All three are logarithms but use different bases. 'log' (or log10) uses base 10 and is the common logarithm used in science and engineering — it tells you how many times you must multiply 10 to reach a number. 'ln' is the natural logarithm using base e (approximately 2.71828), which appears throughout calculus, physics, and finance wherever exponential growth or decay is involved. 'log2' is the binary logarithm using base 2, essential in computer science for measuring information in bits. All three are interconvertible using the change-of-base formula: logb(x) = ln(x) / ln(b). This calculator computes all three simultaneously when you use the Logarithm tab, so you can compare them side by side.
What is an antilogarithm (antilog)?
An antilogarithm is the inverse operation of a logarithm. If logb(x) = y, then the antilog gives back x = b^y. For example, the antilog base 10 of 3 is 10^3 = 1000. Antilogs are used when you have a logarithmic measurement and want to recover the original quantity — for instance, converting a pH measurement back to hydrogen ion concentration (10^(-pH)), or converting decibels back to an intensity ratio (10^(dB/10)). The Antilog tab in this calculator takes a base b and an exponent y as inputs and returns b^y as the result, with full step-by-step explanation.
How does the change-of-base formula work?
The change-of-base formula converts a logarithm in one base to an equivalent expression using a different base: logb(x) = logk(x) / logk(b), where k can be any valid base. The most common version uses natural log: logb(x) = ln(x) / ln(b). This is important because most calculators and programming languages only have built-in functions for ln and log10, so any other base must be computed this way. For example, log5(125) = ln(125) / ln(5) = 4.828 / 1.609 = 3. The Change of Base tab in this calculator lets you enter a number, an original base, and a target new base, then shows the full conversion with steps.
Why is log(0) or log of a negative number undefined?

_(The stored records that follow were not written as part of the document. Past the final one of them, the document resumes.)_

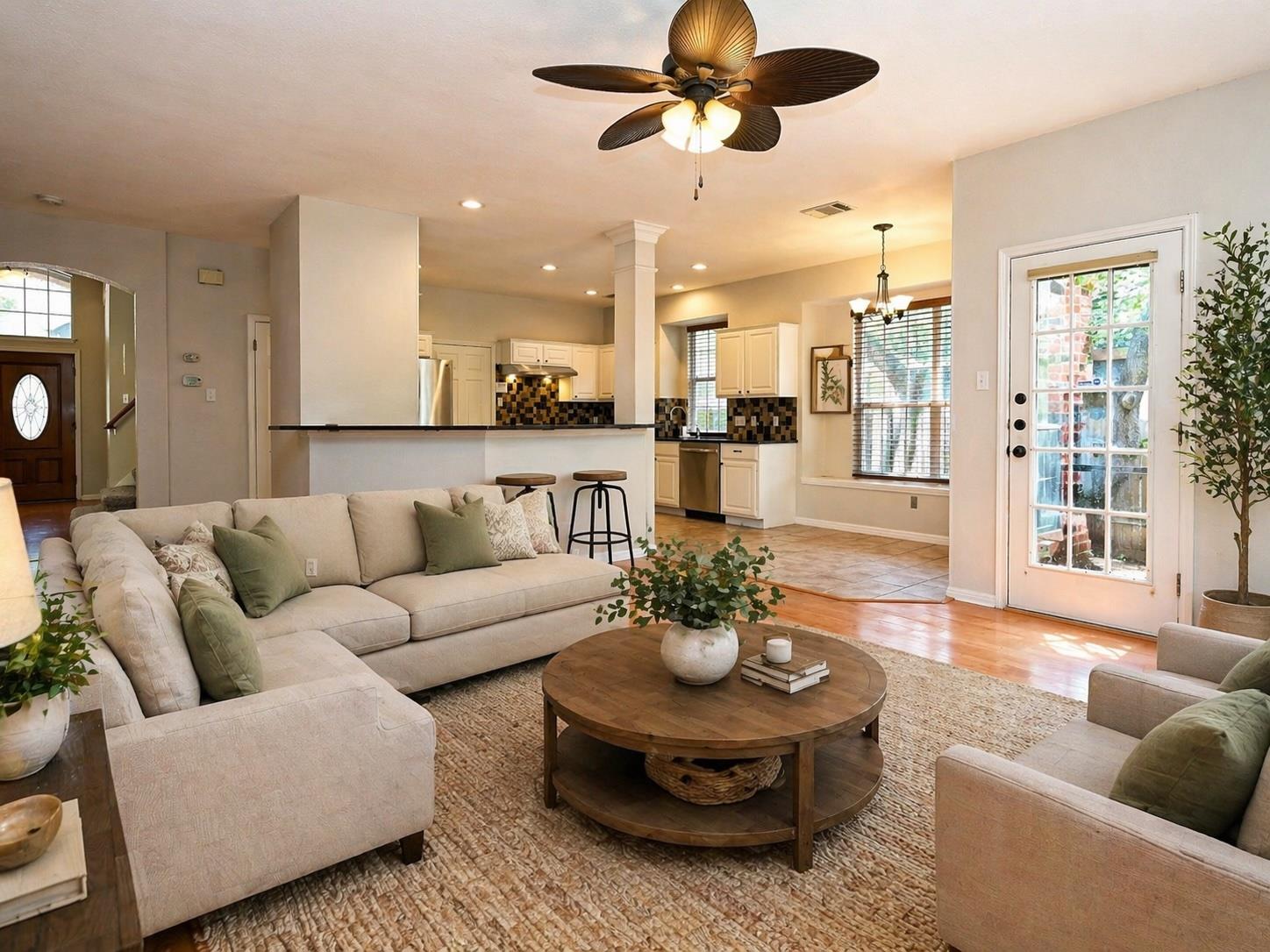 11017 RIO VISTA Dr, Austin, TX 78726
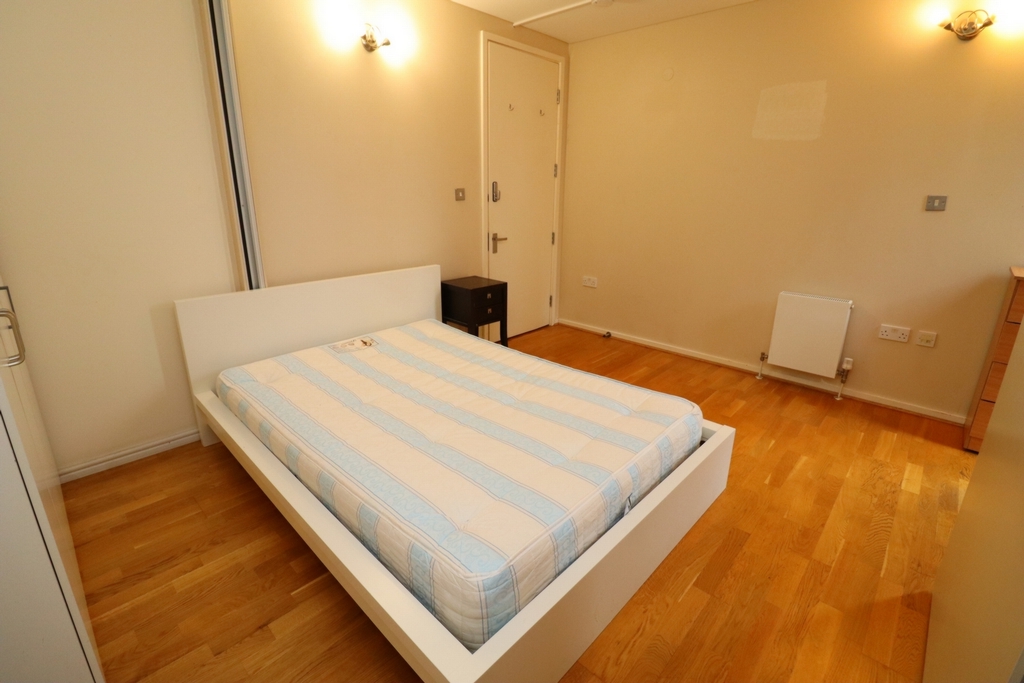 Similar Property: Double room - Single use in 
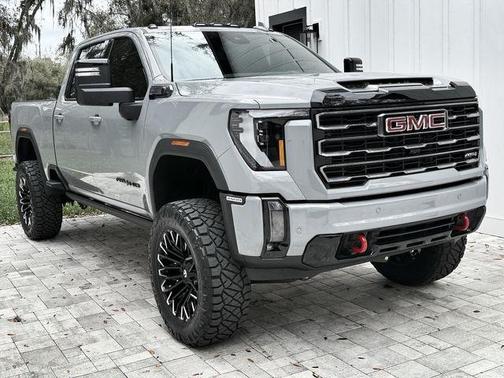 2024 GMC Sierra 2500 AT4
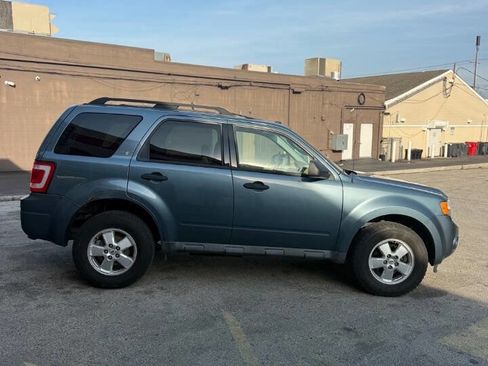 Used 2011 Ford Escape XLT w/ 201A Rapid Spec Order Code image 7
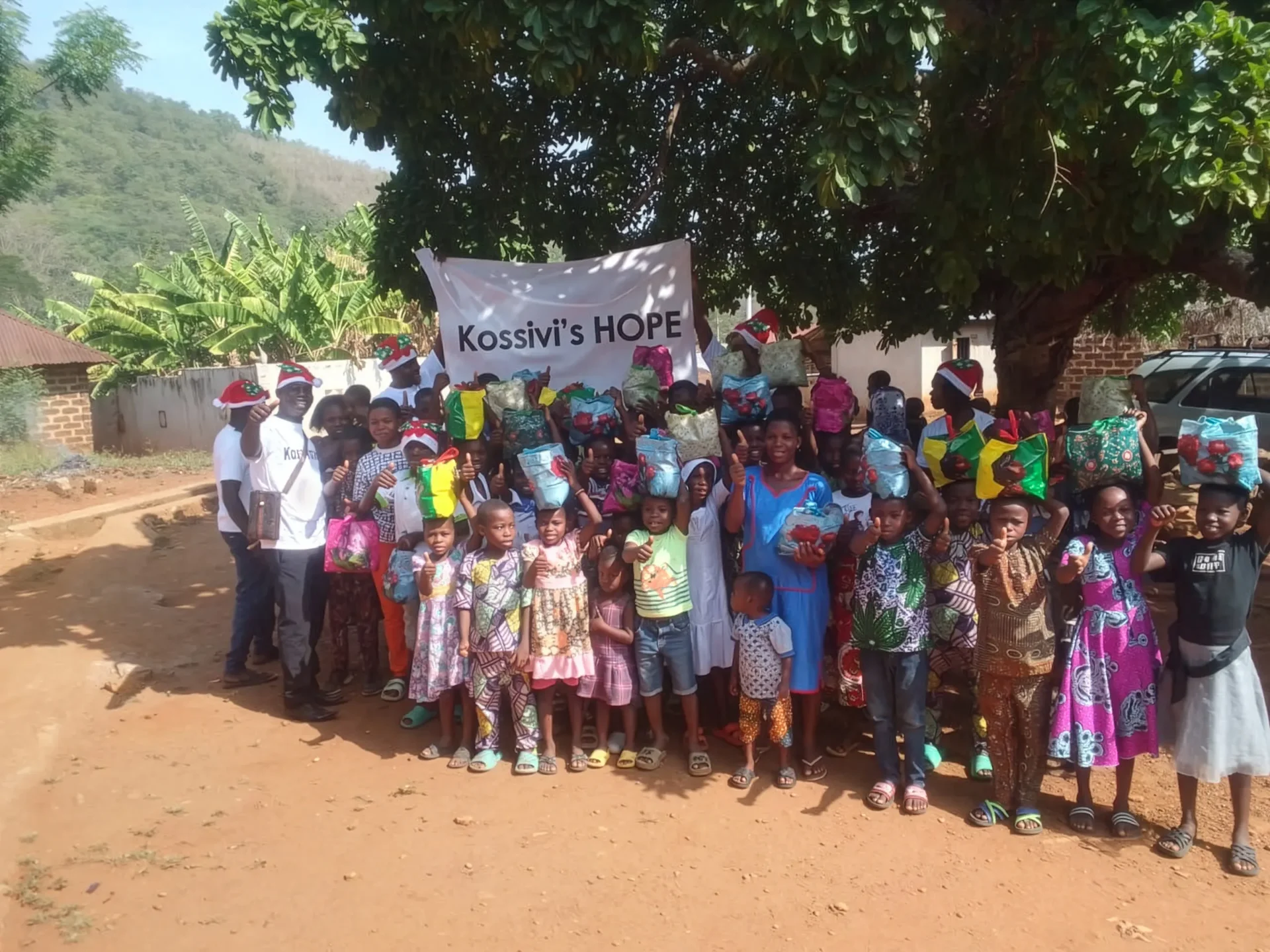 Kinder bei der Weihnachtsaktion von Kossivi's HOPE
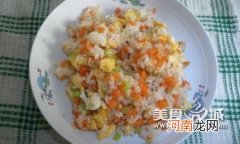 西瓜皮鸡蛋炒米饭的做法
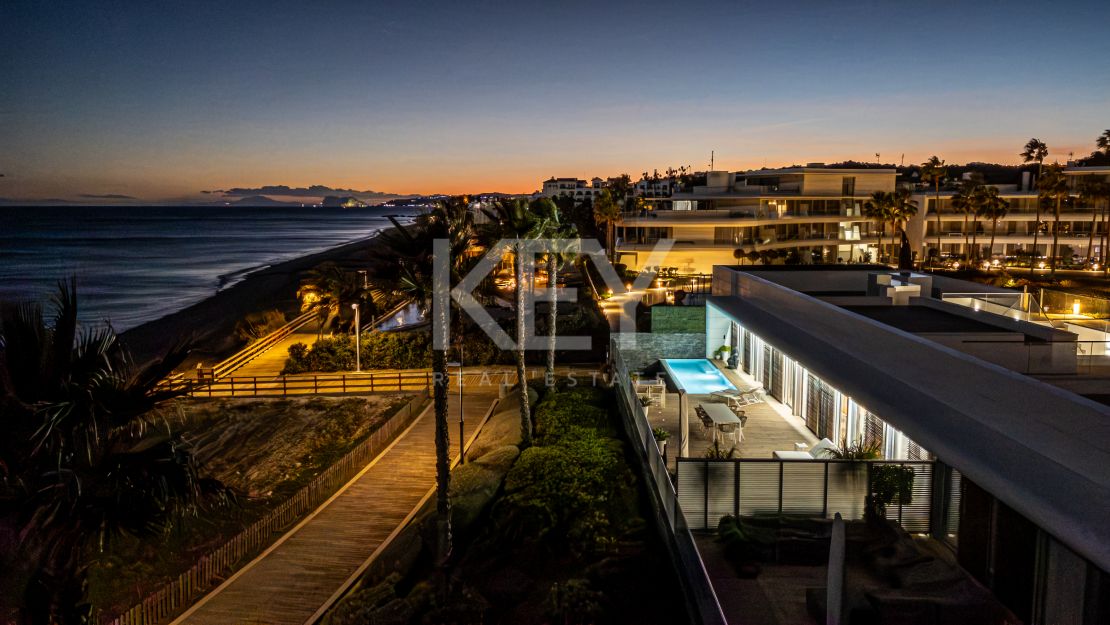 Beach Front Luxury Villa with Panoramic Seaviews in Estepona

Logarithms are undefined for zero and negative numbers in the real number system because there is no real-valued exponent that makes b^y equal zero or a negative number. For any positive base b greater than 1, b^y is always positive for any real y — it approaches zero as y approaches negative infinity but never actually reaches zero or goes negative. This is why the domain of logb(x) is restricted to x > 0. In complex number theory, logarithms of negative numbers and zero do have definitions, but they return complex values and are beyond the scope of standard logarithm calculations. This calculator will return no result if you enter a non-positive argument.
How are logarithms used in real life?
Logarithms appear in measurements where values span many orders of magnitude. The decibel scale (sound, power, electronics) uses dB = 10 × log10(I/I₀), compressing intensities from 10^-12 W/m² to 10^2 W/m² into a 0–140 scale. The Richter scale uses log10 so each unit represents 10× more ground motion amplitude. The pH scale is pH = -log10([H+]), putting hydrogen ion concentrations from 10^-14 to 10^0 mol/L onto a 0–14 scale. In finance, the time to double an investment at continuous interest rate r is t = ln(2)/r. In computing, binary search on n items takes at most log2(n) comparisons. Radioactive half-life problems use natural logarithms. Any time a physical quantity grows or decays exponentially, logarithms describe and quantify the process.

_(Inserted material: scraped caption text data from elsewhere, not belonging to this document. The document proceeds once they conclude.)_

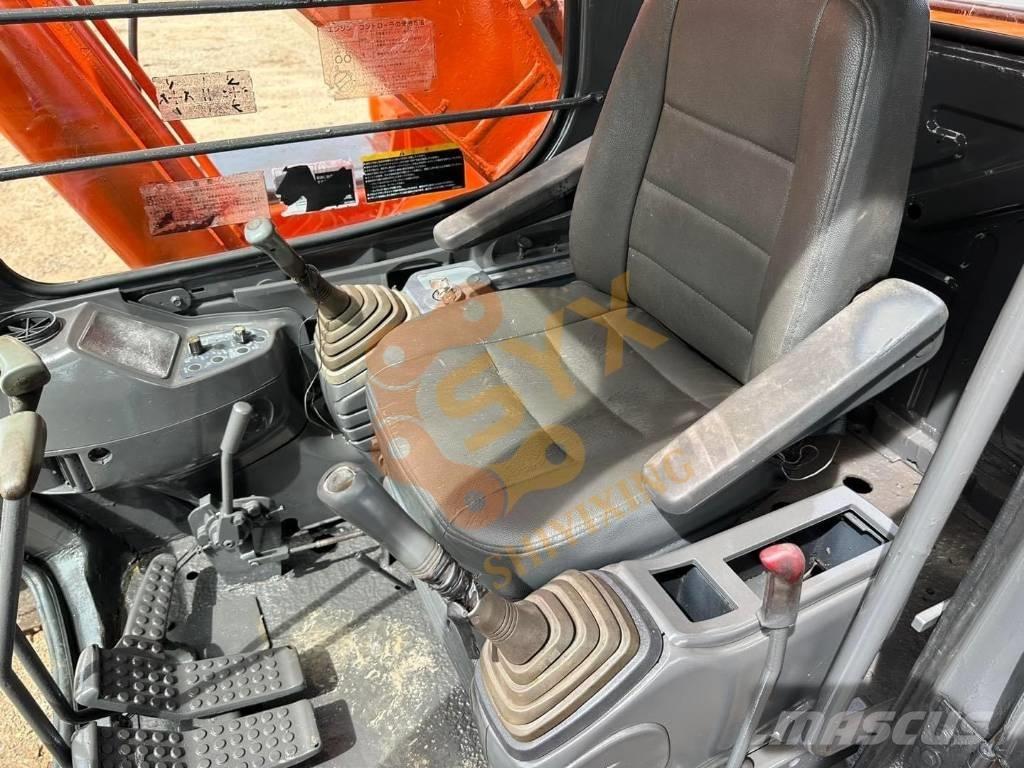 Hitachi EX 200 Bagri goseničarji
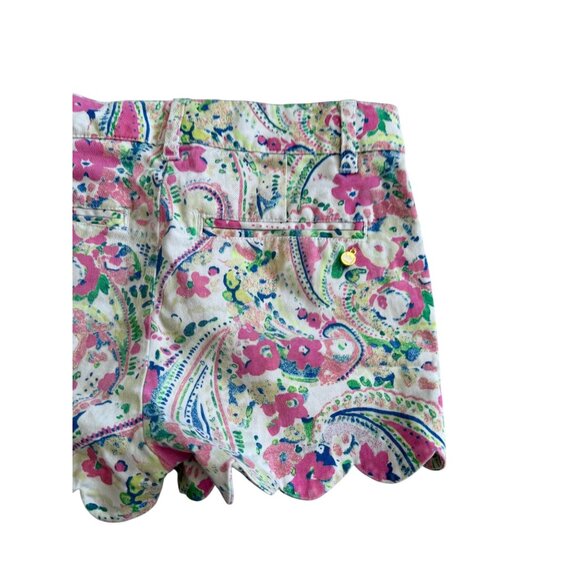 CROWN & IVY Kids Girls Scalloped Floral Short Size 8 - Picture 2 of 6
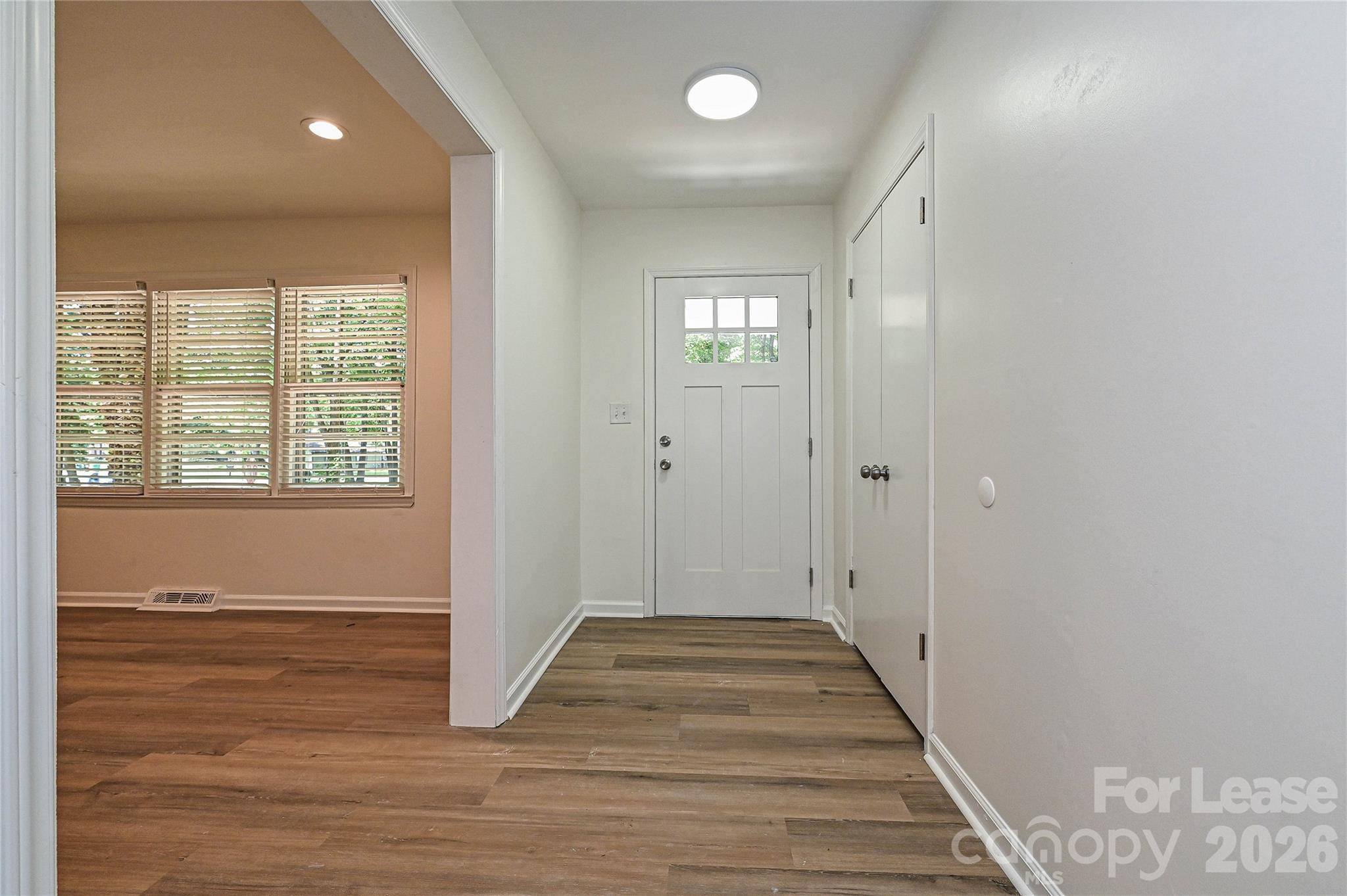 5121 Farm Pond LN, Charlotte, NC 28212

Can I solve for the base or argument given the other two values?
Yes. The Solve Variable tab lets you find any one of the three variables in logb(x) = y given the other two. To solve for y (the logarithm result), enter base b and argument x. To solve for x (the original number), enter base b and result y — this gives x = b^y, the antilogarithm. To solve for b (the base), enter x and y, and the calculator computes b = x^(1/y), which follows algebraically from b^y = x. Note that solving for base requires y ≠ 0 (since x^(1/0) is undefined) and that the resulting base must be positive and not equal to 1 to be a valid logarithm base. The calculator validates all these conditions and shows the formula derivation in the step-by-step solution panel.